İstanbul’da yaklaşık 250 Aşkenaz aile var. Ancak Sefaradlar da buraya geliyorlar. O nedenle her iki topluma da hitap eden kitaplarımız var. Dua esnasında farklı uygulamalar, zamanlamalarda değişiklikler olabiliyor. Örneğin, Tefila bittikten sonra misafirleri onurlandırmak için yapılan dua Aşkenazlara özeldir. Geçtiğimiz hafta sonu Amerikalı bir öğrenci grubu ziyaretimize geldi. Çok neşeli, şarkılı bir Şabat geçirdik. Sefaradlarda biraz daha ciddiyet olur.
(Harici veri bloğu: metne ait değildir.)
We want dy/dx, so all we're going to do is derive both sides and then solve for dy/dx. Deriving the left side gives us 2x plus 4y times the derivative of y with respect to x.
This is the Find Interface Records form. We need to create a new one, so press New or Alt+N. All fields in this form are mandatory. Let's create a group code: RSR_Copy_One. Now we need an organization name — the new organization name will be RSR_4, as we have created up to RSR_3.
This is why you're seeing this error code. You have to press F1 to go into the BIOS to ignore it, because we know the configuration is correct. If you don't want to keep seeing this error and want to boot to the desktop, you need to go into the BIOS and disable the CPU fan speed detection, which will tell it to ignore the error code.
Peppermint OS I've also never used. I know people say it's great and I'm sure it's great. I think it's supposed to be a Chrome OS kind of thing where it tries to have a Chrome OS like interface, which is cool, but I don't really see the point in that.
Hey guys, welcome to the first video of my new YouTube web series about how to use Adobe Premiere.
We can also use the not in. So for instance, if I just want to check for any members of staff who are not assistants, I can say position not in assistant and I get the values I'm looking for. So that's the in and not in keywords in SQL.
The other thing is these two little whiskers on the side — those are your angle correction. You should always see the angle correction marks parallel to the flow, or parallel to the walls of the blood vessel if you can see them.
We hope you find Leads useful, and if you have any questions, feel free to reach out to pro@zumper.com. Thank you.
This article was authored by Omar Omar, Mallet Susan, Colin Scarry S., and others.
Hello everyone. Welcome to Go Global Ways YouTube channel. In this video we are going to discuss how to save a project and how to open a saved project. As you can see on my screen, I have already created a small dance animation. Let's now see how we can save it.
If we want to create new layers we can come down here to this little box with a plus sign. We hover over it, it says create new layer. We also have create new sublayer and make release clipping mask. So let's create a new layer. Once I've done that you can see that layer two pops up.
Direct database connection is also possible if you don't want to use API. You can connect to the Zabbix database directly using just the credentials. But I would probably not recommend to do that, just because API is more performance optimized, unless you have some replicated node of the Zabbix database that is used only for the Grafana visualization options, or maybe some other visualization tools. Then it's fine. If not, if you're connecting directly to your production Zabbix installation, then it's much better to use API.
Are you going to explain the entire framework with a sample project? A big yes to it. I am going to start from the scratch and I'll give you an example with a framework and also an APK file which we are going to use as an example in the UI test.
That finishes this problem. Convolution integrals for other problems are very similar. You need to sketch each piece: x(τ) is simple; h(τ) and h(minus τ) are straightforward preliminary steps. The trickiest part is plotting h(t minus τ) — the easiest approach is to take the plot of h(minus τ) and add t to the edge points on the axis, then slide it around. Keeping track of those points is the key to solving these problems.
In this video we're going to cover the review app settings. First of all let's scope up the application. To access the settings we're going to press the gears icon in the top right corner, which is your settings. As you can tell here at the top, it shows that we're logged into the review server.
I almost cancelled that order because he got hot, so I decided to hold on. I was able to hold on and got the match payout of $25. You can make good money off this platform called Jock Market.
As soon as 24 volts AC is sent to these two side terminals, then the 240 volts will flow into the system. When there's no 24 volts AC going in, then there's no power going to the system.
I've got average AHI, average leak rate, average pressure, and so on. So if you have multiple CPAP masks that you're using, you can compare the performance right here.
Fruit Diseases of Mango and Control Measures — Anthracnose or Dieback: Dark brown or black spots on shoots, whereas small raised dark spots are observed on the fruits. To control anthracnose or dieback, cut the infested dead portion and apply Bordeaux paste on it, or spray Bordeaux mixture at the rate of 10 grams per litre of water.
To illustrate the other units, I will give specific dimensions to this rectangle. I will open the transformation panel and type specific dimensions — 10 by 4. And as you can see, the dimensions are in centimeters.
Burada ise tevada danslar bile yapılıyor.

Rav Mendy’nin katılımı ile yahid sayınızda artış olduğunu görüyoruz. Sizce bunun nedenleri nelerdir?

Rav Mendy Chitrik’in katılımı ile de dualarımız farklı bir boyut kazandı. Kendisi yurt dışında yakından tanındığı için birçok misafiri de beraberinde getiriyor. Ayrıca Türkçe’yi de çok iyi kullanabiliyor. Bu nedenle haftanın peraşasını Türkçe ve herkesin ilgisini çekebilecek şekilde, esprilerle süsleyerek açıklıyor. Yabancılar var ise İngilizce tercümesini de yapıyor. Çeşitli hikâyeler veya başından geçmiş ilginç olayları da konuşmasına ekliyor. Bunun yanı sıra bazı duaları da Türkçe okuyor. Bu şekilde insanları, özellikle de gençleri Aşkenaz Sinagogu’na gelmeleri için teşvik etmiş oluyor. Bizler de onun öğretilerinden yararlanıyoruz.

Düğün, Bar-Mitzva, Bat-Mitzva, tefilin gibi güzel günlerden bahsedelim biraz da…

Düğünlerde de Sefaradlardan farklı olarak bazı değişiklikler oluyor. Bir süredir Aşkenaz hahamımız olmadığı için geleneksel uygulamalar yapılamıyordu. Rav Mendy’nin gelişiyle tekrar o günlere döndük. Örneğin düğünlerde gelin, damadın etrafında yedi kere döner. Bunun gibi daha birçok farklılıklar var. Sefarad Cemaati ile aramızda olan bir anlaşma var. Biliyorsunuz erkek Aşkenaz ise, düğünü mutlaka sinagogumuzda oluyor. Ayrıca Aşkenaz bir babanın oğlunun Bar-Mitzva’sı da burada yapılıyor.

Son bir cümle ile söyleşimize son verirken nasıl bir mesaj vermek istersiniz?

Sinagoglar insanlarla güzeldir. Aşkenaz Sinagogu yalnız Aşkenazlara değil, Sefaradlara da açıktır. En büyük arzumuz geleneklerimizi, birlik ve beraberliğimizi korumak ve ibadethanelerimizi yaşatmak.